Segment Open

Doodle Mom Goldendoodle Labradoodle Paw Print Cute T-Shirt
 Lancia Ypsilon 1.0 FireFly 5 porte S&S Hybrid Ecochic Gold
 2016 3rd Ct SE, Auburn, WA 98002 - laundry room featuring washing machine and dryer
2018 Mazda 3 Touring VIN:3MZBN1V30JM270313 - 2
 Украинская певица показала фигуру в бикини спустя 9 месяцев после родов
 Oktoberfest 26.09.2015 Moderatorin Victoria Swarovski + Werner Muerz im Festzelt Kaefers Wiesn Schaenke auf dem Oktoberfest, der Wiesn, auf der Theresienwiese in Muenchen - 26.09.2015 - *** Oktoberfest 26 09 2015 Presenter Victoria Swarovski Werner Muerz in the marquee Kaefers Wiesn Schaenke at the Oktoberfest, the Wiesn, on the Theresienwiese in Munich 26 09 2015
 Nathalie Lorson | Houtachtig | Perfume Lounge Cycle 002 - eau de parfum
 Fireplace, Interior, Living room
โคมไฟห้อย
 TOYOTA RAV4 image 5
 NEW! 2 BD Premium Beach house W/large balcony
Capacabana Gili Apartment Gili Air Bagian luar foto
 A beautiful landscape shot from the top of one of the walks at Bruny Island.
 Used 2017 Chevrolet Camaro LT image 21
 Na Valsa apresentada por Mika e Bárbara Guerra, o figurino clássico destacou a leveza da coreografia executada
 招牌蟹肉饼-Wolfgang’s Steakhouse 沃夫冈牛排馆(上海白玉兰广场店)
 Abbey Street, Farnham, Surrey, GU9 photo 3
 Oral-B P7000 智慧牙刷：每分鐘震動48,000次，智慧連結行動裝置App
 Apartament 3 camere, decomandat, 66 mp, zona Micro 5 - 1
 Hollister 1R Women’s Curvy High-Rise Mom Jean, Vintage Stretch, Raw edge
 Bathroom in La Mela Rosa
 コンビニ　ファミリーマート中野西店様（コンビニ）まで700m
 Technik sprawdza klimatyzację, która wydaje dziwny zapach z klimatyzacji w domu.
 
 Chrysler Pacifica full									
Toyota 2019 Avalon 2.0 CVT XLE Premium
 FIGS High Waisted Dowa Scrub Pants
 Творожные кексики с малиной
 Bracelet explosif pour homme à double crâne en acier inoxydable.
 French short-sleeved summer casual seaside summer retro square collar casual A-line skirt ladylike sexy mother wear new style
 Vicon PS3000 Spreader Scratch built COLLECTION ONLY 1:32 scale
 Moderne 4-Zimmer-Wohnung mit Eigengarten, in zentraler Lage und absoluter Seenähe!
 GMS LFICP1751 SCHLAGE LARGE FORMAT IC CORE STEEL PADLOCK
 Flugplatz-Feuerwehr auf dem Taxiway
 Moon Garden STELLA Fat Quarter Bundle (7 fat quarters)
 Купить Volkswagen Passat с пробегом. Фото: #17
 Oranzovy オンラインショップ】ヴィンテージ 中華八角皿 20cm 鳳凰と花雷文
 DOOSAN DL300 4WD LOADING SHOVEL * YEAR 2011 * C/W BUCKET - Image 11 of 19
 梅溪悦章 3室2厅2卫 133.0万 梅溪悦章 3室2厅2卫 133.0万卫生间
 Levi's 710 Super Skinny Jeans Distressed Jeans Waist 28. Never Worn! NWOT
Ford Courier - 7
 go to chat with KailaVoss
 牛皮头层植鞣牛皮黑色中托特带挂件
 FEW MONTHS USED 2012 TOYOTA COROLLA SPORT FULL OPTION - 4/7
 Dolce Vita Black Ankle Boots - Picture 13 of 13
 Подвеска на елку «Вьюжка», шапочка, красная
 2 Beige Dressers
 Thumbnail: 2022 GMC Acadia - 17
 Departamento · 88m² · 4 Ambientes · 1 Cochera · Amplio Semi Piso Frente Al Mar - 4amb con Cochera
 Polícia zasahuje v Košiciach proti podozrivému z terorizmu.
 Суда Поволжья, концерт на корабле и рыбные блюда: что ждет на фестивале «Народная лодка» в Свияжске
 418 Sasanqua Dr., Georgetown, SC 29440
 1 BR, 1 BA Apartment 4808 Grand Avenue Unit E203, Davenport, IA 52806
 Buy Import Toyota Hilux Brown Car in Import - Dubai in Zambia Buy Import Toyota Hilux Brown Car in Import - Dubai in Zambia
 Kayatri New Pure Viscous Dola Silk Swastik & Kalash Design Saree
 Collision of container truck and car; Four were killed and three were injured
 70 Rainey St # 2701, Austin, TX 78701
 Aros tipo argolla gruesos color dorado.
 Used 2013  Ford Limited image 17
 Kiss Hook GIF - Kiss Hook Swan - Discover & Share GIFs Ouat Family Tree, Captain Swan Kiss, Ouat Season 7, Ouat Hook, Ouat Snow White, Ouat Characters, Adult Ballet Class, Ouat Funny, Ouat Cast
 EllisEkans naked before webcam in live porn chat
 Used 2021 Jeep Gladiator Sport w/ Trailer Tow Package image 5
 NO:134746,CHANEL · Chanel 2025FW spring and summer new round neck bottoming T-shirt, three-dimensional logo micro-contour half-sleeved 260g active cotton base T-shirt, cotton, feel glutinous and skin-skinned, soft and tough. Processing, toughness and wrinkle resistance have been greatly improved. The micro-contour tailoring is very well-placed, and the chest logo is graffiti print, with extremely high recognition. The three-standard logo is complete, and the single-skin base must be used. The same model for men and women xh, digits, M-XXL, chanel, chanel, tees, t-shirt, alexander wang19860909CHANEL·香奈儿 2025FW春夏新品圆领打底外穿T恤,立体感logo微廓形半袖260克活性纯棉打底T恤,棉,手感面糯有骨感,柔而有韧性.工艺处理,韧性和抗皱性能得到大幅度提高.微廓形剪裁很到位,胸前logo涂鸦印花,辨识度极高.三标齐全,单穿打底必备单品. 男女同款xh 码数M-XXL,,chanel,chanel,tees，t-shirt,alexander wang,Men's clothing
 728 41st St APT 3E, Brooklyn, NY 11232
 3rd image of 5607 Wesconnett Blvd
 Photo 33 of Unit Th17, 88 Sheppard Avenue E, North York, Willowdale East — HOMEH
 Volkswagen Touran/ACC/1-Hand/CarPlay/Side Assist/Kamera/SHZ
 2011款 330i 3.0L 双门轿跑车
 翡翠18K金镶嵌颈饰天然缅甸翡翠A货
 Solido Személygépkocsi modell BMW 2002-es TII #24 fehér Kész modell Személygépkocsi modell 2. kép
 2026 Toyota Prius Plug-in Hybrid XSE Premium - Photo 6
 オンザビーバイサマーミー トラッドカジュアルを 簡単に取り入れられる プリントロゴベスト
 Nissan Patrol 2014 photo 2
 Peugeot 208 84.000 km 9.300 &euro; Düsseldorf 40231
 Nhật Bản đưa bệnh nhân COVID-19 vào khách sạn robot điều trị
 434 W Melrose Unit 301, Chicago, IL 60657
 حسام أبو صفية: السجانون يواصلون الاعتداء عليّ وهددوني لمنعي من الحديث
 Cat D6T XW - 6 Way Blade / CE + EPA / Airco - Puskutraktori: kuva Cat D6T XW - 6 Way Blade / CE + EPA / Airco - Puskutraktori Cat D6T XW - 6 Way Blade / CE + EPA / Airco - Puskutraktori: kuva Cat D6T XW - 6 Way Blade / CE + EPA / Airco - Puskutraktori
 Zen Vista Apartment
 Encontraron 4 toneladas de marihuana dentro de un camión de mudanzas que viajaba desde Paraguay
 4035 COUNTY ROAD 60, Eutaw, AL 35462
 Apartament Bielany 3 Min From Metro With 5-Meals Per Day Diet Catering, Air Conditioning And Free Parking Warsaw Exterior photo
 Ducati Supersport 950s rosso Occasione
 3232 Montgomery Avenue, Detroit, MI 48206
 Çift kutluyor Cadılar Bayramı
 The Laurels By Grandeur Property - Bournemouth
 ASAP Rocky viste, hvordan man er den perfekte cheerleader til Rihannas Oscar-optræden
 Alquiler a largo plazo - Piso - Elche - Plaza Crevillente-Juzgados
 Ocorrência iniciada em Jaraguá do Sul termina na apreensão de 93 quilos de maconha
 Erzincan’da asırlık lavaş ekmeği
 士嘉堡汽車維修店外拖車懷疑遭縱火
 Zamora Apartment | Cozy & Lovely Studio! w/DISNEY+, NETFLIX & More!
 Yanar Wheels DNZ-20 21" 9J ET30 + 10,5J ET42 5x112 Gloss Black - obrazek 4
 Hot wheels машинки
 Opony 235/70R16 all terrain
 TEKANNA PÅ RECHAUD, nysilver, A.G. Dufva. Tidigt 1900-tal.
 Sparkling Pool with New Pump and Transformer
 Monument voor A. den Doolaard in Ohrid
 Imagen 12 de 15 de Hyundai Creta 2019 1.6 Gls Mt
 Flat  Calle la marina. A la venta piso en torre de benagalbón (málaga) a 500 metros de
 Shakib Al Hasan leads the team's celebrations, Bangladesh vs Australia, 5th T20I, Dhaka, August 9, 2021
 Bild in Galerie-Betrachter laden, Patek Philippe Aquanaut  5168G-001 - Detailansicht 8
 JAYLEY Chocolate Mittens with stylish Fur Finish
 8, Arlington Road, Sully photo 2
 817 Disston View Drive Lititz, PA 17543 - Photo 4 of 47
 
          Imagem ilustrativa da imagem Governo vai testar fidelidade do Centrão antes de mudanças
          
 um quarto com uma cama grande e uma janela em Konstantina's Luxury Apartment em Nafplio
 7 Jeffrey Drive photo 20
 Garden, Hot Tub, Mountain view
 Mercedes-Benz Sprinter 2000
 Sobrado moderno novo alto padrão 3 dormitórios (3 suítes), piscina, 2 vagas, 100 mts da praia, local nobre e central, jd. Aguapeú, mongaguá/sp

Segment Closed

Exercise - What you return must be an exact retyping of the lines above starting at the line with "Imagen 12 de" and ending at the line with "Imagem ilustrativa da", and nothing besides.

Task response -
 Imagen 12 de 15 de Hyundai Creta 2019 1.6 Gls Mt
 Flat  Calle la marina. A la venta piso en torre de benagalbón (málaga) a 500 metros de
 Shakib Al Hasan leads the team's celebrations, Bangladesh vs Australia, 5th T20I, Dhaka, August 9, 2021
 Bild in Galerie-Betrachter laden, Patek Philippe Aquanaut  5168G-001 - Detailansicht 8
 JAYLEY Chocolate Mittens with stylish Fur Finish
 8, Arlington Road, Sully photo 2
 817 Disston View Drive Lititz, PA 17543 - Photo 4 of 47
 
          Imagem ilustrativa da imagem Governo vai testar fidelidade do Centrão antes de mudanças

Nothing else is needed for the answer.